9. Join an online writers’ group. I’m NOT talking about the huge public groups on Facebook where thousands of people simply post cover images of books with links to Amazon. I’m talking about relatively-small groups where writers engage with each other to discuss writing and publishing and promoting books, like the Southern California Writers Association that accepted me as a member in 2017. Last year, I started to engage more frequently with some of the members about blogs and newsletters.
10. Follow blogs and newsletters. I follow dozens of blogs and newsletters by members of Mexico Writers so I can see what they’re doing to promote books. I also subscribe to more blogs and newsletters from authors and marketers I don’t know, like David Gaughran whose recent blog post shared a list of paid promo sites he has vetted.
Here’s a closing thought about connecting with other writers and sharing insights. It comes from an inspiring article in Publishers Weekly by Mazey Eddings, whose first book is launching in March. “Whether it’s a single person or an entire group, finding friends in the chaos of publishing carries with it endless opportunities to laugh, to cry, to cheer someone’s big wins or show solidarity in the group chat when someone experiences anxiety or disappointment.”
Sharing information and insights with a community of writers is the purpose of my weekly blog and monthly newsletter. Some of the information I share comes from book marketing pros, but many of the insights come from following successful authors weekly to see what they are doing.
Note: While you’re connecting with other authors and book marketing professionals, and building your tribe of followers, read a couple of books about publishing and promoting books. Here’s a link to a list of books I recommend, all of which are available in many independent bookstores and online.

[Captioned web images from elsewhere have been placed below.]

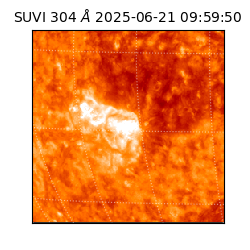 suvi - 2025-06-21T09:59:50.771000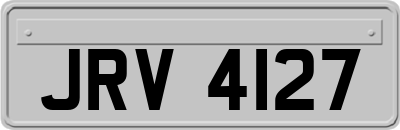 JRV4127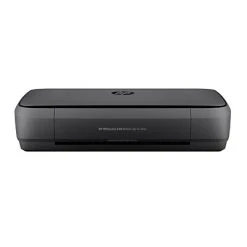 Printers HP OfficeJet 250 Color Inkjet All-In-One Mobile Printer (CZ992A) 9 Printers HP OfficeJet 250 Color Inkjet All-In-One Mobile Printer (CZ992A) -Epson Shop s1039335 s7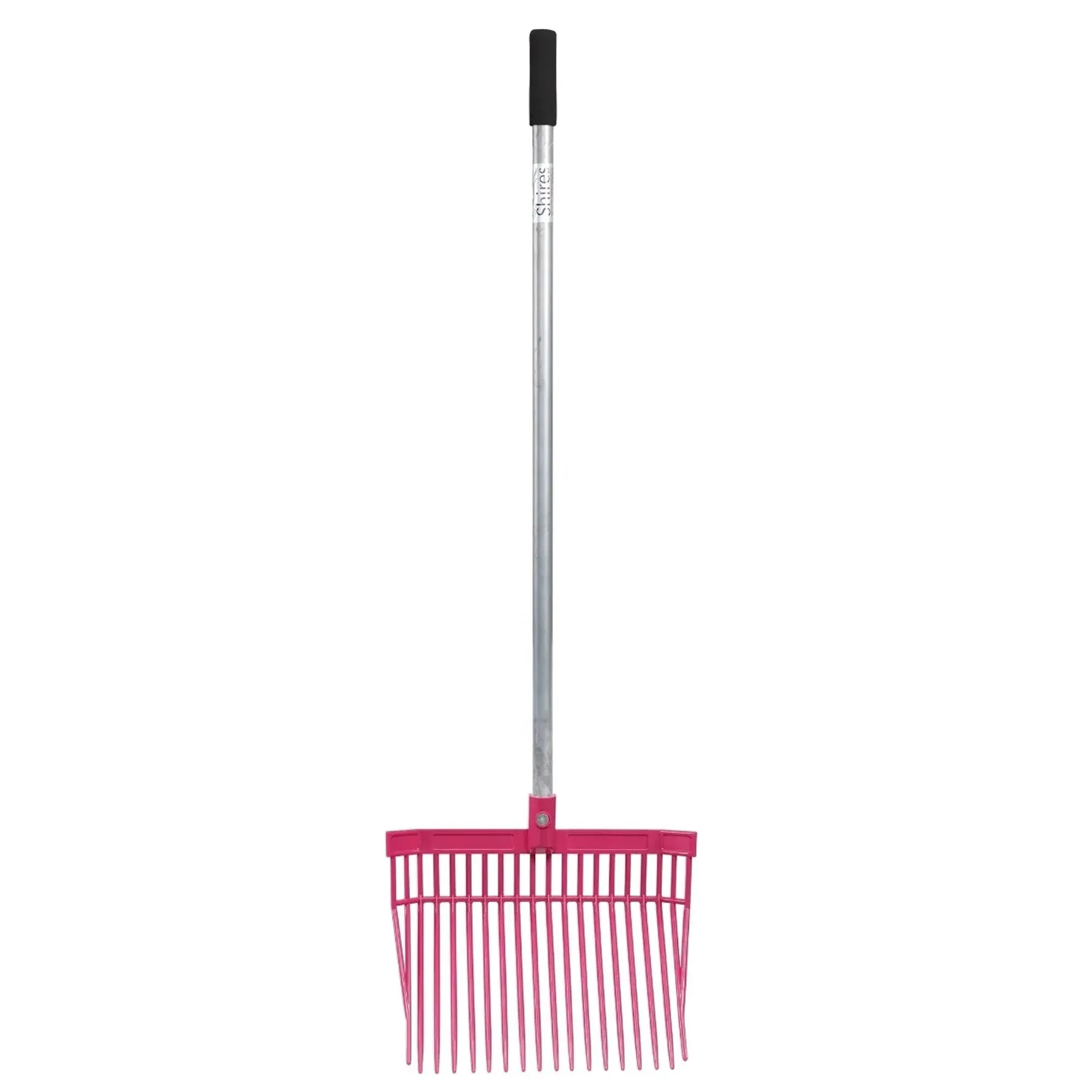 Shires Lightweight Chip Fork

And the folks at Reedsy have a free online marketing course taught by Fayet to help beginning indie authors. It doesn’t have the in-depth information from the books I recommend or all the insights I’ve learned from personal connections with Omang, Schwartz, Hogan, Wogahn, Cassidy, Sundby, and authors like Gaughran whom I follow regularly. But it’s a starting point.
As always, I’m interested in your feedback and comments. Just send an email to firstname.lastname@example.org. And when you have time, I hope you’ll check out my monthly newsletter and consider subscribing.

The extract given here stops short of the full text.